Provided records below:

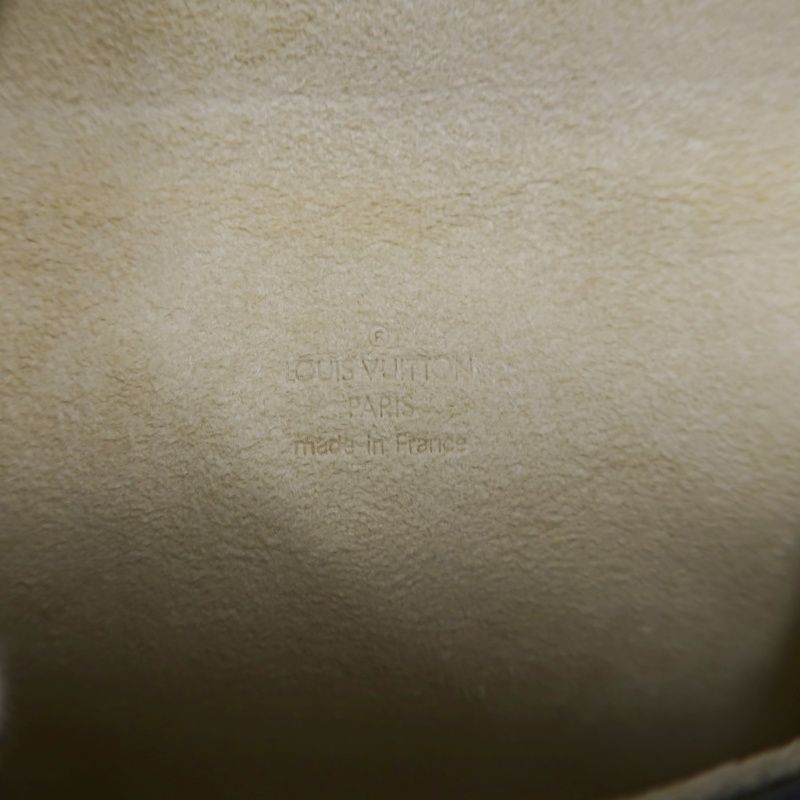 LOUIS VUITTON (LV) Monogram Pochette Florentine Waist Pouch (No Shoulder Strap)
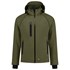 Tricorp tech shell werkjas - 402018 - legergroen - maat M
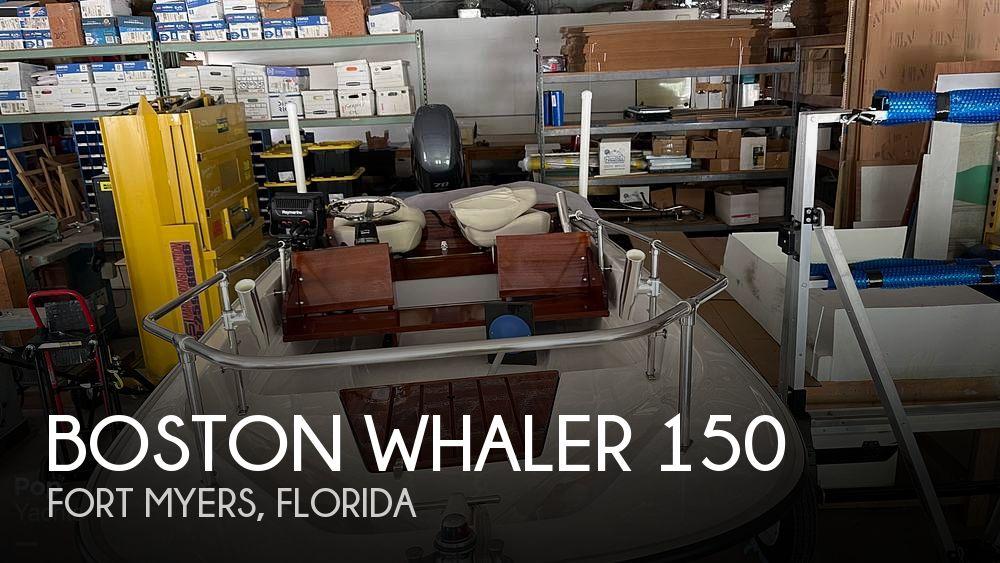 Boston Whaler 150 Super Sport 1986 Boston Whaler 150 Super Sport for sale in Fort Myers, FL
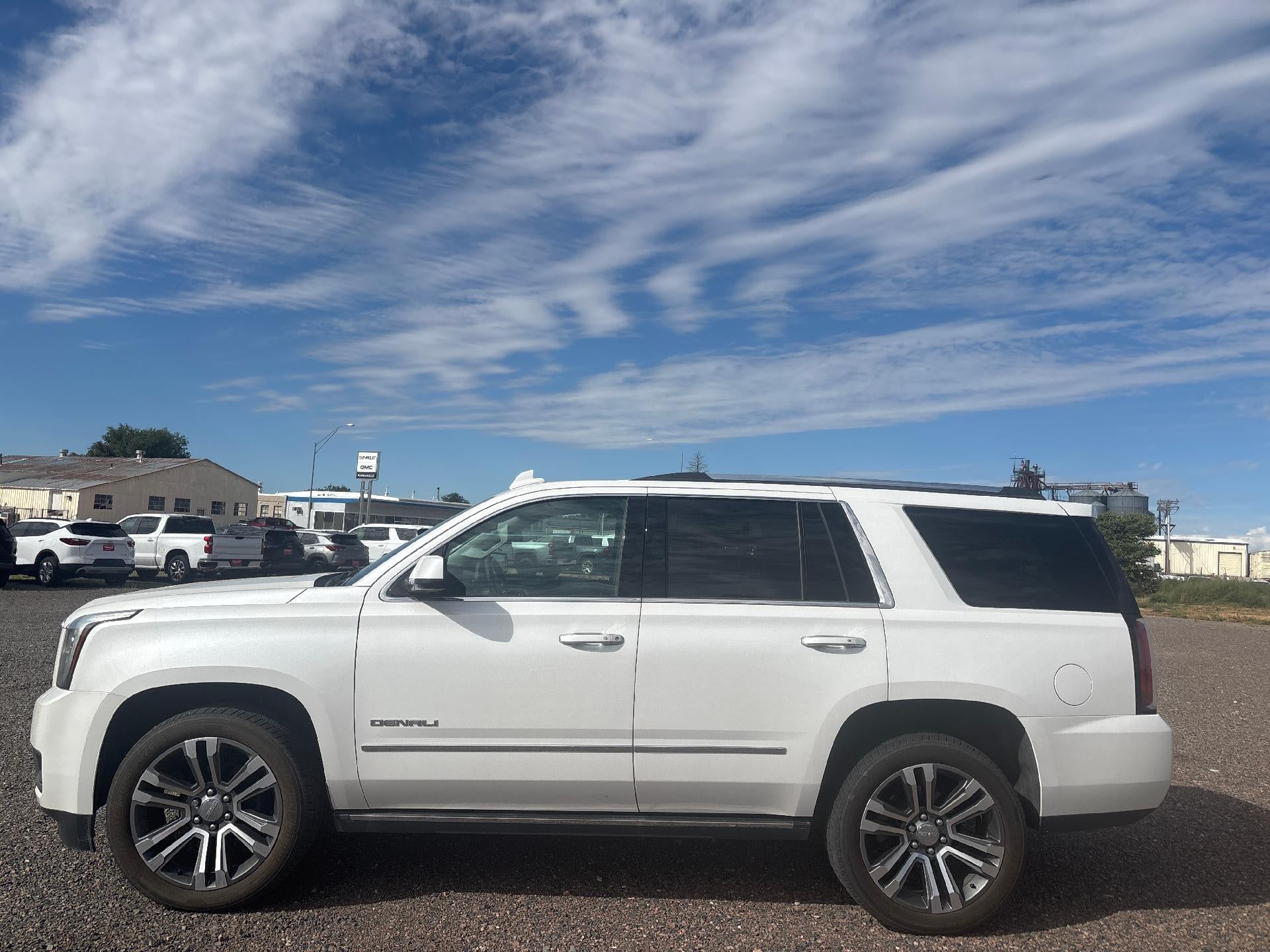 2020 GMC Yukon Denali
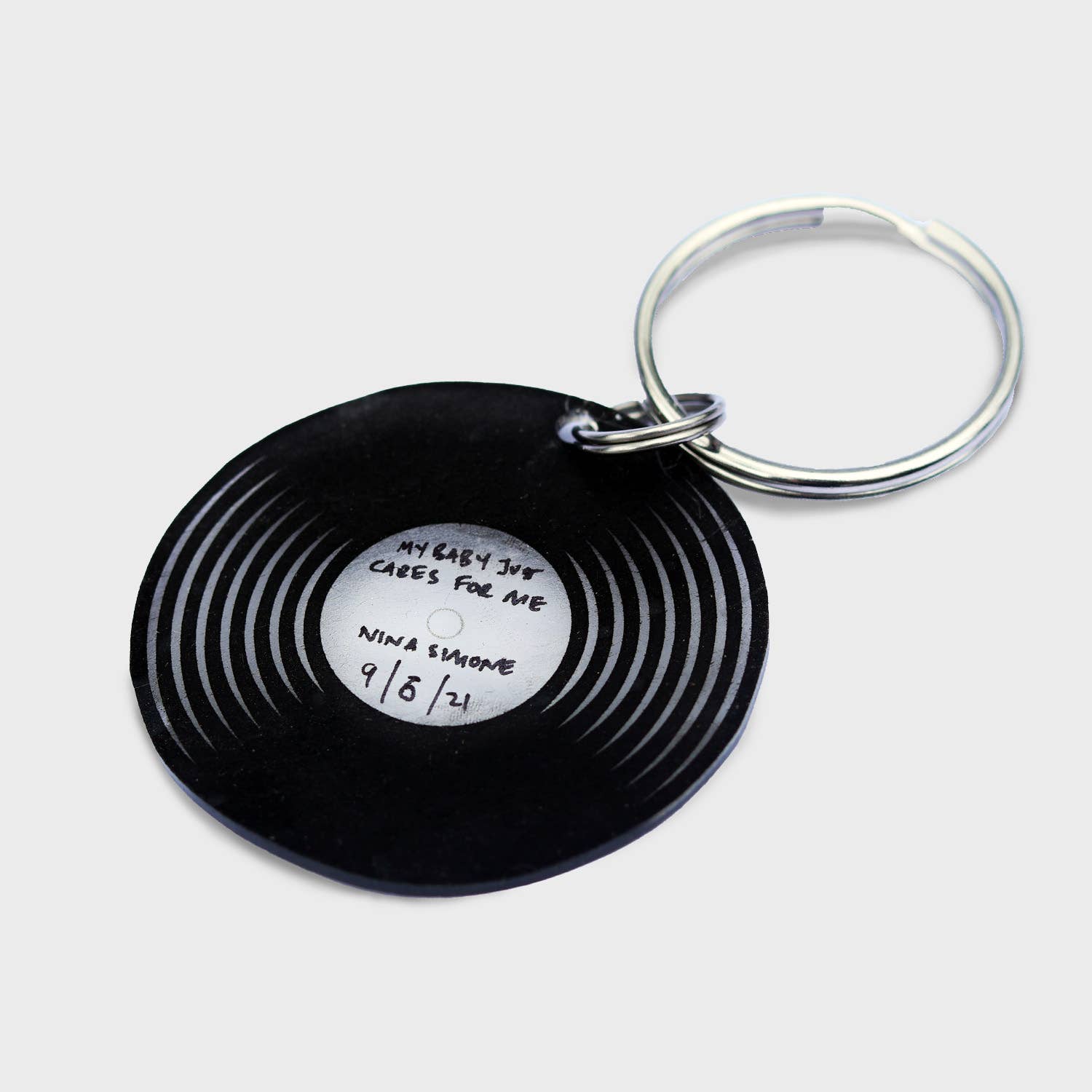 Our Song Shrink Keyring Kit | DIY Kits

End of Provided records.

Brief — Set down the entries above exactly; no pictures belong in the copy.

Answer for this exercise —
 LOUIS VUITTON (LV) Monogram Pochette Florentine Waist Pouch (No Shoulder Strap)
 Tricorp tech shell werkjas - 402018 - legergroen - maat M
 Boston Whaler 150 Super Sport 1986 Boston Whaler 150 Super Sport for sale in Fort Myers, FL
 2020 GMC Yukon Denali
 Our Song Shrink Keyring Kit | DIY Kits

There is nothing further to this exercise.